## Exercise
Below are records with pictures; copy word for word only the lines between the line with "Photo from the" and the line with "3 Louis Way, Sunbury", inclusive, and drop the pictures.

## Source material
________________________________________

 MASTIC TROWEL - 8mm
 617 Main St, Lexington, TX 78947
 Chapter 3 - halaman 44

________________________________________

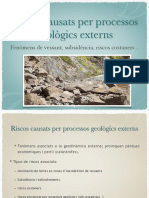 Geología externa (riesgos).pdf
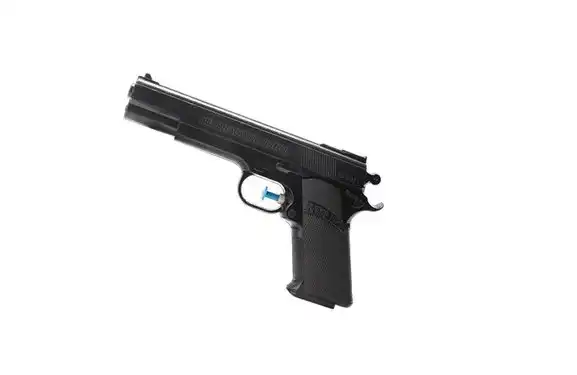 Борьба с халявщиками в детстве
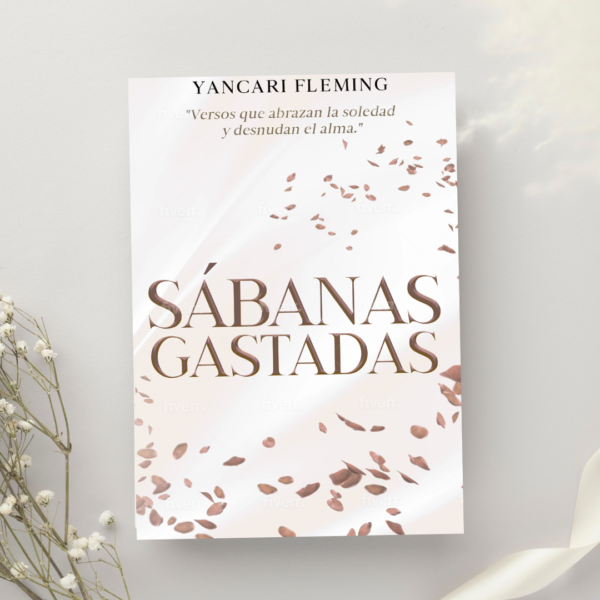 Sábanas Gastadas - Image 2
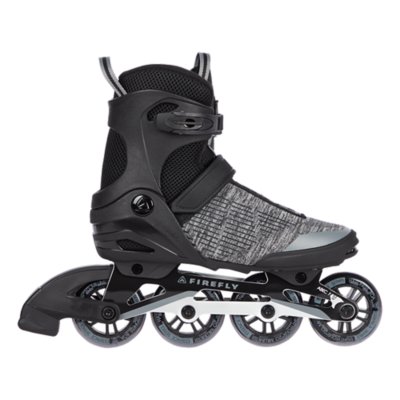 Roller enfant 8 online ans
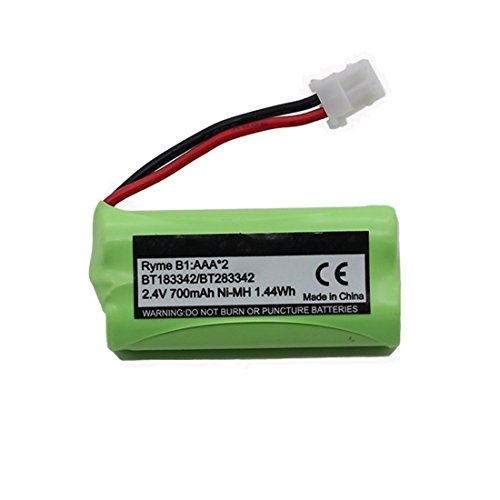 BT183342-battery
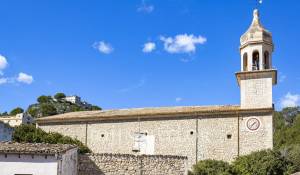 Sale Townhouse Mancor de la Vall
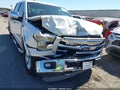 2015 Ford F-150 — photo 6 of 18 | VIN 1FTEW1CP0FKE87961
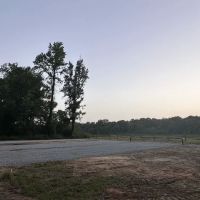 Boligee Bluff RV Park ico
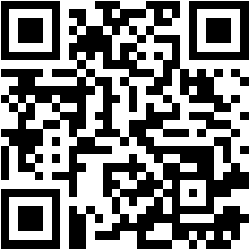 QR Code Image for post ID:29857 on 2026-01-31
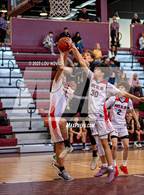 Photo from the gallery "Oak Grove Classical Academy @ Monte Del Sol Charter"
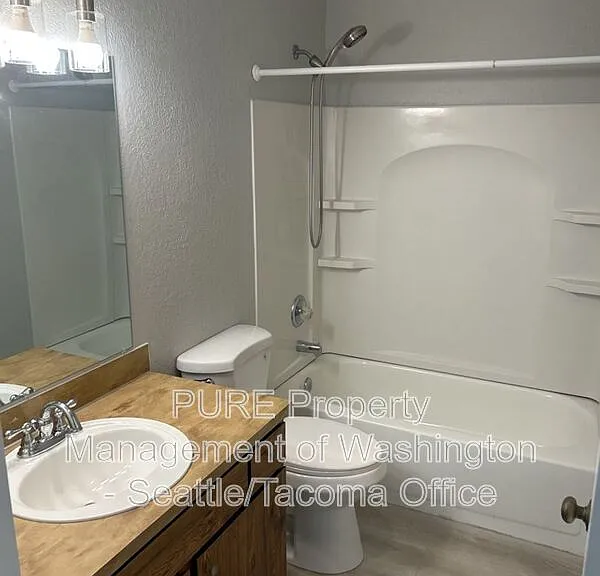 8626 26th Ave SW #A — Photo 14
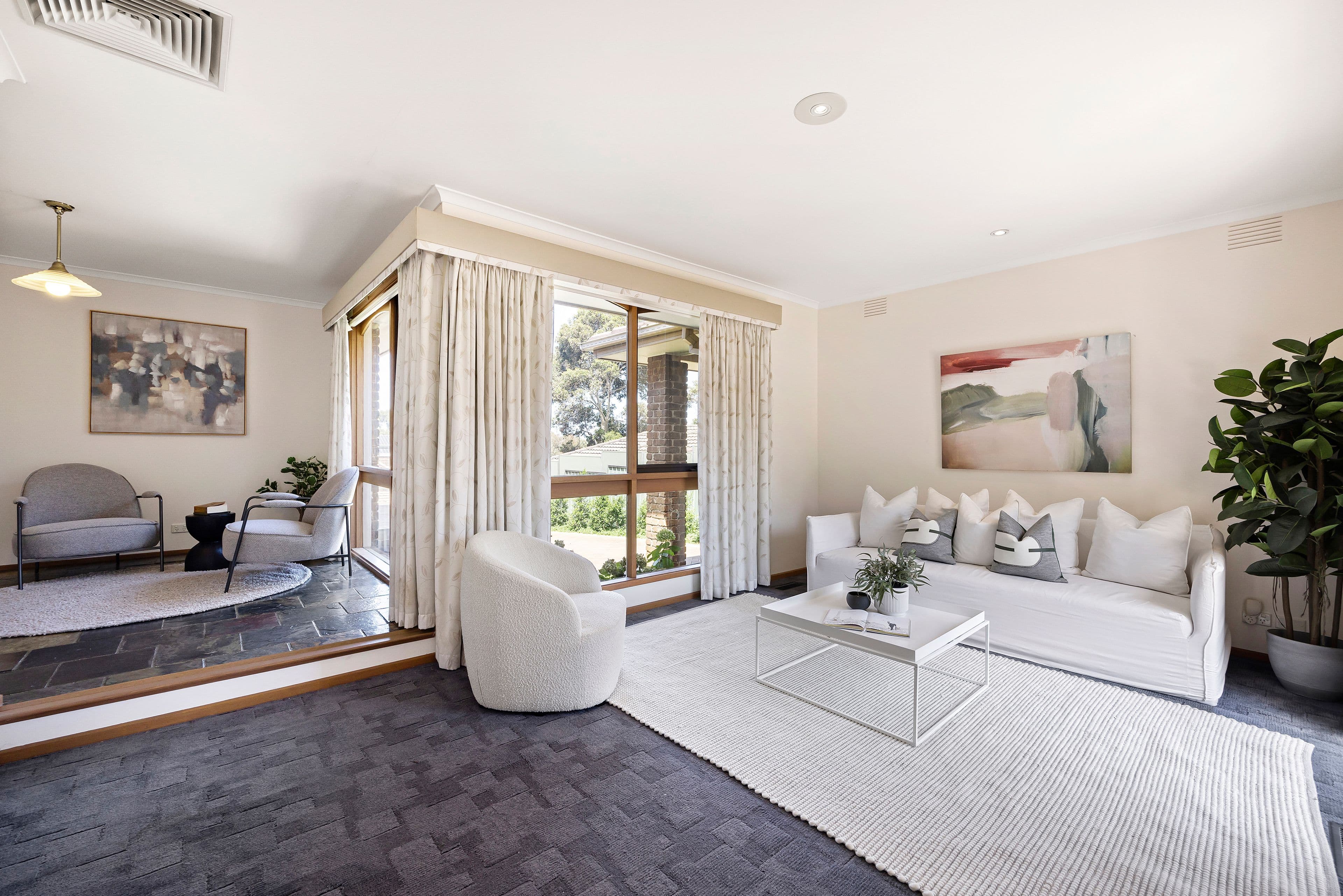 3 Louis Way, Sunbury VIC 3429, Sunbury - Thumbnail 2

________________________________________

## Solution to this exercise
 Photo from the gallery "Oak Grove Classical Academy @ Monte Del Sol Charter"
 8626 26th Ave SW #A — Photo 14
 3 Louis Way, Sunbury VIC 3429, Sunbury - Thumbnail 2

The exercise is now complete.